Clemenceau est nommé pour la seconde fois de sa carrière politique à la présidence du Conseil en novembre 1917, à une heure où le pays est en pleine incertitude quant à l'issue de la guerre. Ainsi appelé à la rescousse par le Président de la République d'alors, Raymond Poincaré, il cumulera cette charge avec celle de ministre de la Guerre. Il deviendra alors le Père la Victoire.

Dans le présent texte, rédigé une dizaine d'années après la fin du conflit, Clemenceau raconte son expérience avec ce ton incisif qui lui était si familier et que redoutaient ses adversaires. Ses analyses, que certains jugeront parfois excessives, n'en sont pas moins vraies au moment où il écrit : « Quelle différence des états d'âme de l'un et de l'autre côté du Rhin ! En Allemagne, tous les excès d'autorité pour machiner l'homme en vue de la plus violente offensive.
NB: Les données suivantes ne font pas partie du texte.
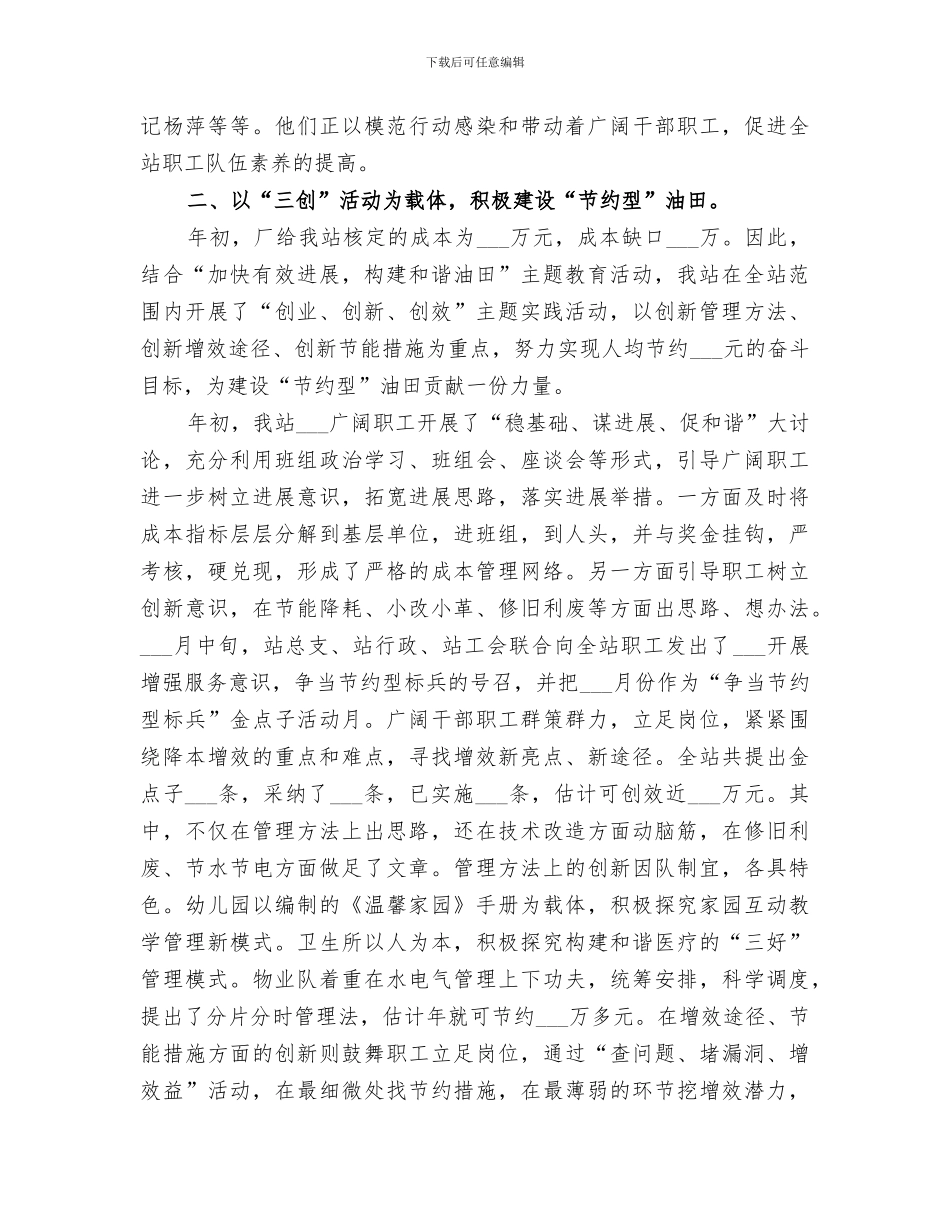 2024生活管理站后勤保障半年工作总结范文_第2页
Chez nous, toutes les dissociations de l'indolence, et le repos sur de grands mots. »

Documents à l'appui, Clemenceau montre l'ampleur de la tâche qui lui incomba et les difficultés rencontrées, notamment auprès des Américains qui tardaient à envoyer leurs unités sur le front pour soulager Français et Anglais épuisés par bientôt quatre années de guerre : « En d'autres termes, je voulais trop, prétendaient-ils, à quoi je répondais qu'ils ne voulaient pas assez. »
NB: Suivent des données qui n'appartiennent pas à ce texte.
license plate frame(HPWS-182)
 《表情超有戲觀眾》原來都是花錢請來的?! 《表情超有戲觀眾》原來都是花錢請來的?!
Puis vient l'armistice : « Un beau mot, un grand mot à écrire quand on a vécu quatre ans dans les tortures, dans l'angoisse du pire, et qu'une voix se fait entendre pour clamer : c'est fini ! » En 1919, la Conférence de la Paix à Versailles succédera à l'armistice, suivie du Traité honni par les Allemands – désigné par leurs soins comme un « diktat » – ; Traité auquel Clemenceau prendra une part majeure, lui qui exigeait réparation pour l'agression allemande. On lui imputera d'ailleurs son intransigeance, tout comme son refus d'une paix blanche (sans vainqueur) avant l'Armistice.
Mais n'avait-il pas raison de vouloir contenir l'Allemagne : « Je dus comprendre que la révolution allemande était d'une simple disposition de draperies et que, l'agresseur de 1914 demeurant ferme dans ses extravagances de fureurs, nous ne cesserions de subir, dans de nouveaux décors, sans arrêt, le même assaut du même ennemi » ?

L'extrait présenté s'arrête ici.